Retargeting Centralised: Tribal Fusion’s Doug Conely Adds His Thoughts On Points Raised In Recent Retargeting Post
Is it bad etiquette to respond such a long time after an original opinion piece? I didn’t read this too closely at the at the time but poor Paolo, our Starcom and Zenith rep, has been hassling me to take another look. He thought he was selling business to business online display media under contractual terms. Reading this he felt like he was selling cigarettes to kids in West Africa. Should he? Absolutely not. We’re a serious business operating at global scale with all the strategic, operational, technical and ethical requirements that entails. Many of our competitors feel the same way, I’m sure.
While this article was not directed at Tribal Fusion specifically we are an ad network with views on some of the underlying arguments here. Marco, I saw your comment in the original post about anonymous responders. Let me put it this way: how can a vendor take the risk to debate the opinion of a (potential?) customer publicly? Well, here goes…
Data leakage
Paul & Geoff, we spoke about this 12-18 months ago and my view hasn’t changed. If you think there are people abusing 1st party data then name them. It should be game over for them or let them defend their position. In many ways this is the reverse of publishers complaining that *some* ATDs were bullying them into data deals in the past in return for media spend or that they were harvesting data without the publisher’s permission. Both insinuations are unhealthy to the industry and both sides should name those they believe to be carrying out such practices.
From a Tribal Fusion perspective we also take this very seriously and even made 1st party data usage a standard condition of our IOs in late 2009. I’m sure none of the other major players are comingling 1st party data, there’s just too much to lose. So, we’ve just reached out to ABCe to see if we can set up some sort of 3rd party audit of our 1st party data processes. Any other network that wants to join in should do so. Agency Side Networks, sorry ATDs, should join too. Anyone that can think of someone better to adjudicate than ABCe, let us know. We can all put this one to bed then and remove one more fear factor for advertisers.
ePrivacy Directive
There’s nothing in the directive that says advertisers should not work with 3rd parties. It’s also false to believe that 3rd parties somehow have less to lose or are less likely to meet privacy requirements than agencies or ATDs. As in any regulated industry, clients need to pick those partners they trust and that meet the right industry standards, including agencies and trading desks.

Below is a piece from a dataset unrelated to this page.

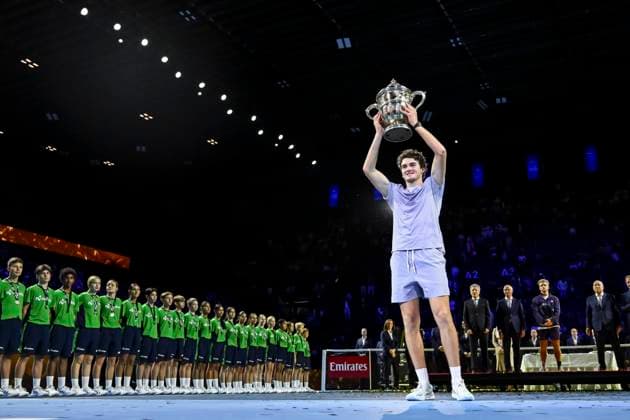 26th October 2025; St. Jakobshalle, Basel, Switzerland; 2025 ATP, Tennis Herren Swiss Indoor Tennis Final Day; Joao Fonseca (BRA) kisses the trophy after winning the match against Alejandro Davidovich Fokina (ESP) in the final  DavidxEmm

Price Inflation & User Experience
No arguments with this. Retargeting segment bid inflation and universal frequency controls are a compelling rationale to manage retargeting centrally. Anyone doing this needs to be able to map the first visit to conversion timeline and adjust retargeting frequency and bidding strategy accordingly. The ability to layer in dynamic ads is a bonus. However, there is a paradox here. Current publisher RTB yields are driven by retargeting. What happens to those yields in this scenario and will it restrict access to biddable inventory if overall yields drop? Not a reason to stop but definitely something to think about.
Transparency
They say history is written by the victors. Let’s not rewrite the original rationale for blind inventory. Publishers wanted an additional revenue stream that did not cannibalise their direct sales channel. Transparent inventory has always been more expensive in this, and any other, industry. If clients are willing to pay more for transparency then they will get it. The real question is whether the vendors are trusted to provide safety behind that transparency. IASH was good step in this direction. Content verification technology is going in the right direction, but is far from complete. Arguably, safety guarantees may come at a price too as the verification will need to be statistically tested in many cases. Again, this is no different to other supply chain but, arguably, the industry is a bit behind in the standards to defend this.
Attribution
There’s another paradox here. Taking retargeting in-house means that on a last view basis the ATD will appear better than anything else on the plan. Will they disclose that to the agency or end client? If ATDs cut 3rd party retargeting do they really have the attribution tools to optimise this? What about the tools to run, optimise and measure upper funnel activity? We haven’t seen that much to date but would be happy to be wrong. From our perspective we see a lot of value in using look-alike models to provide that upper funnel activity and let the ATD focus on the retargeting management. But look-alike models need massive data sets, sophisticated processing tools… and access to 1st party data on which to build the model in the first place.
Overall, we expect to win some and to lose some in this debate. And we’ll lose some budget too (sorry Paolo). But we’re doing enough with data, look-alike models, rich media executions, etc to make sure that we win a lot more than we lose and provide value to end-clients via their agencies.